WHAT TO DO ▸ Copy out the whole listing exactly as written, leaving the pictures behind.

RECORDS ▸
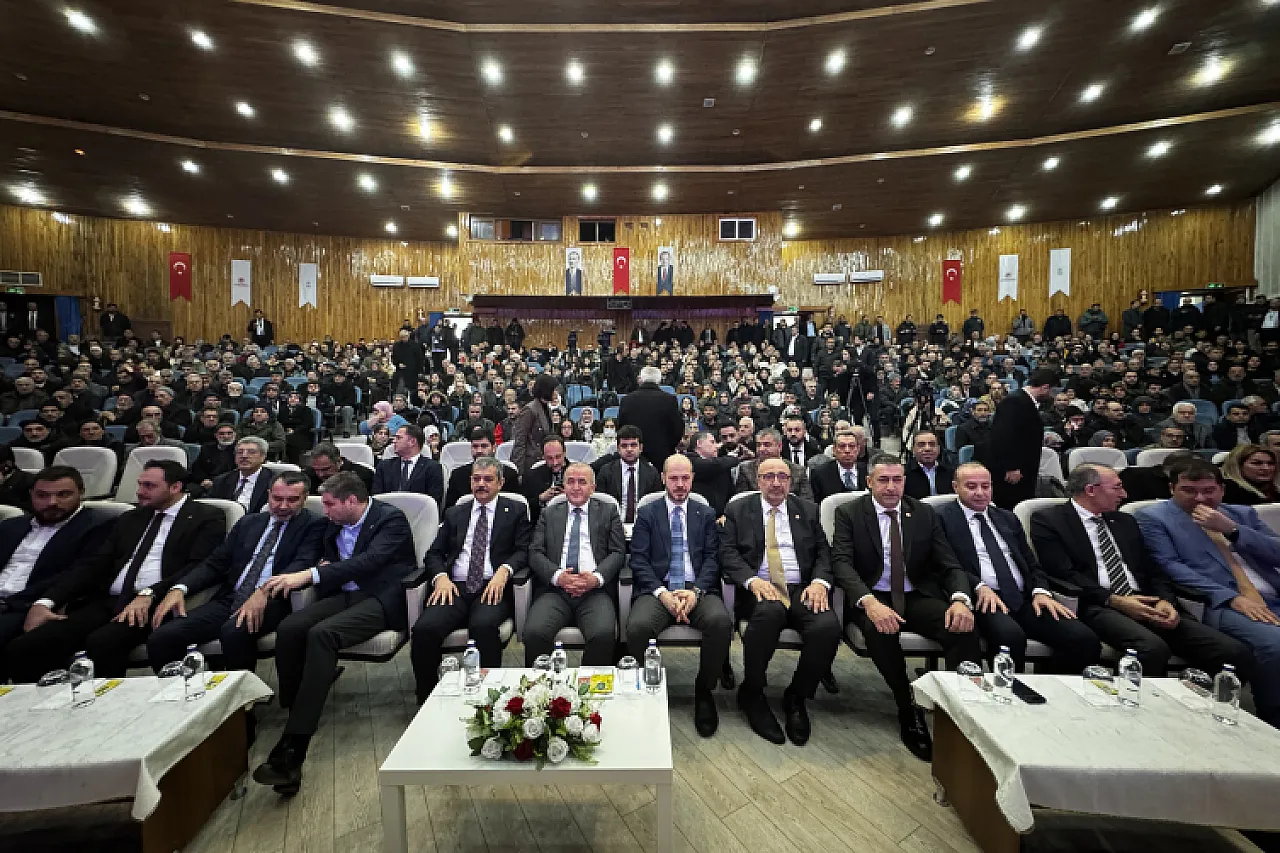 Elazığ'da Yüzyılın Konut Projesi: 3 Bin 825 Aile Yeni Evine Kavuşuyor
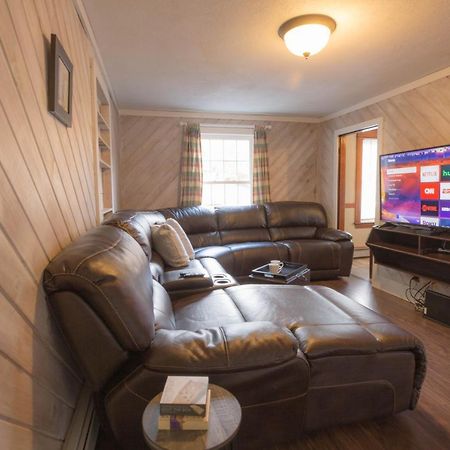 Sunnyside home near Sunday River, Black Mountain, Lakes&Hikes Rumford Buitenkant foto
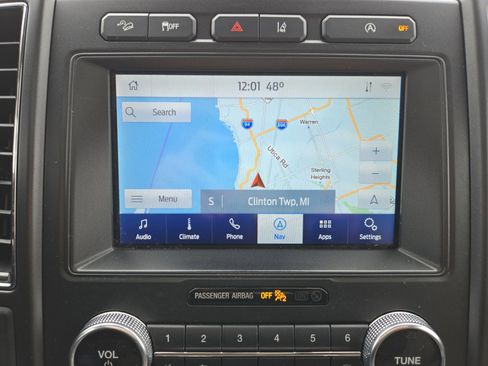 Used 2020 Ford Expedition Limited w/ Equipment Group 301A image 18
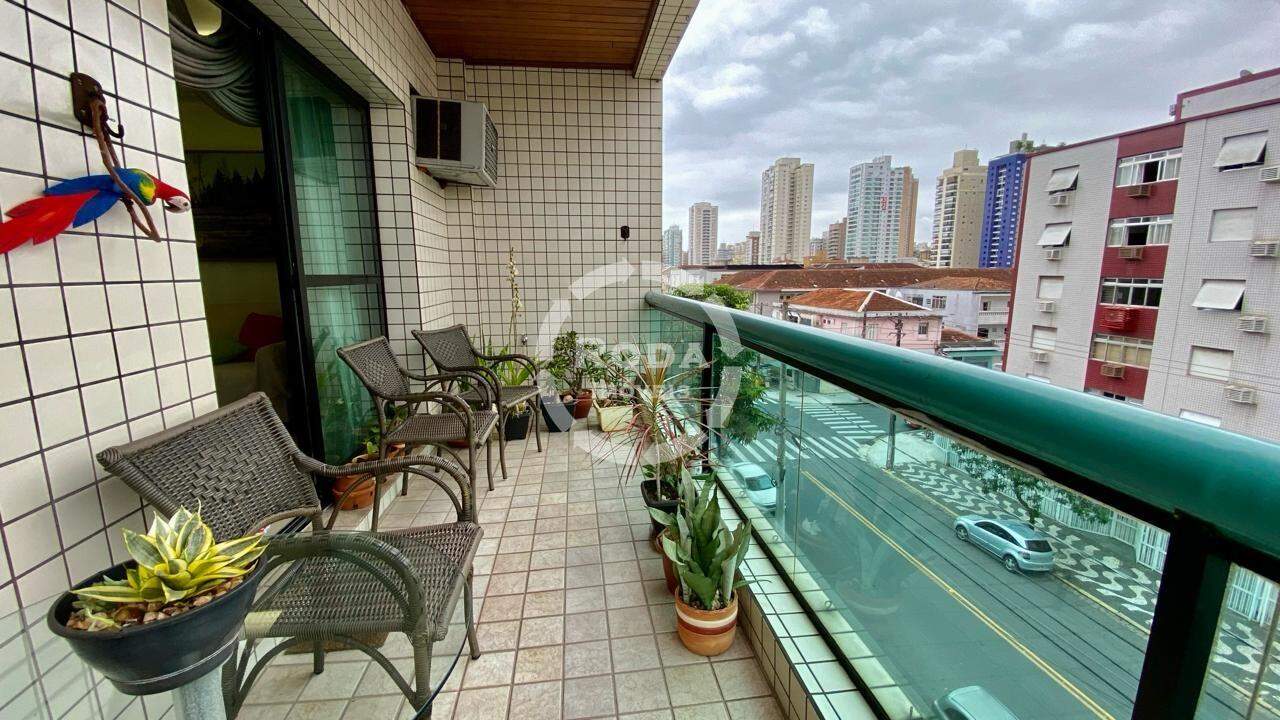 Apartamento à venda no Embaré:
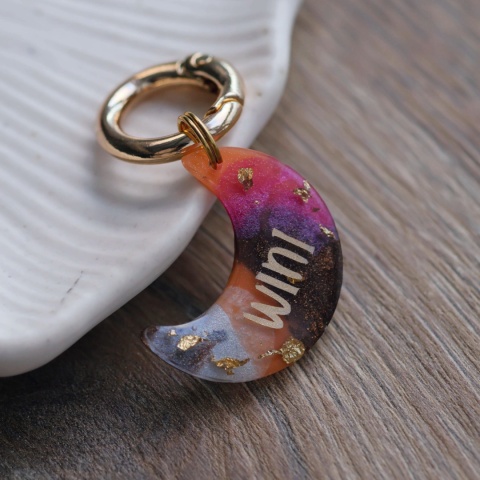 Adresówka dla psa z żywicy – personalizowana, marmurkowe wypełnienie (różne kolory i kształty)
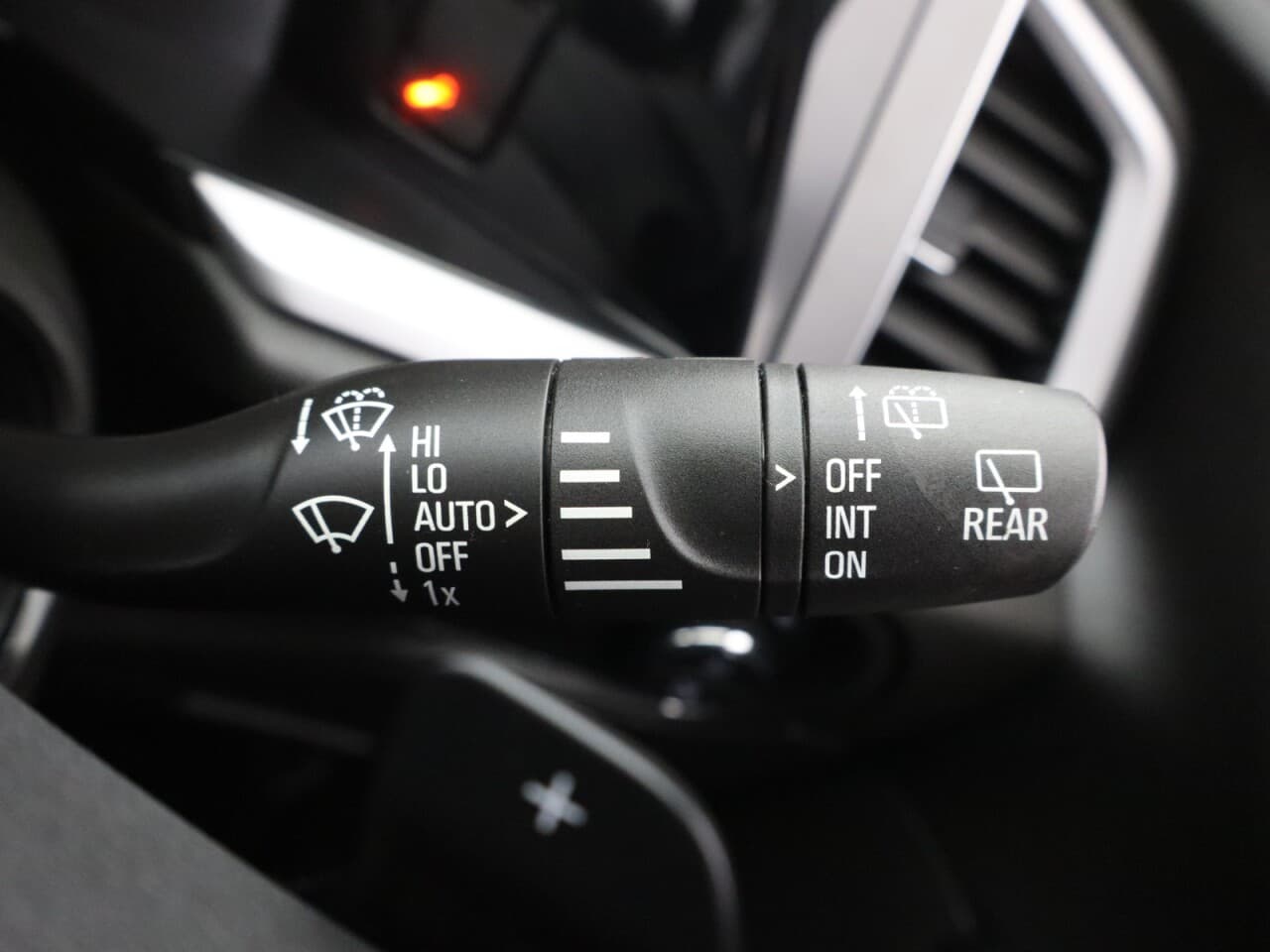 Vauxhall Grandland X 1.2 Turbo Elite — image 44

ANSWER SPACE ▸
 Elazığ'da Yüzyılın Konut Projesi: 3 Bin 825 Aile Yeni Evine Kavuşuyor
 Sunnyside home near Sunday River, Black Mountain, Lakes&Hikes Rumford Buitenkant foto
 Used 2020 Ford Expedition Limited w/ Equipment Group 301A image 18
 Apartamento à venda no Embaré:
 Adresówka dla psa z żywicy – personalizowana, marmurkowe wypełnienie (różne kolory i kształty)
 Vauxhall Grandland X 1.2 Turbo Elite — image 44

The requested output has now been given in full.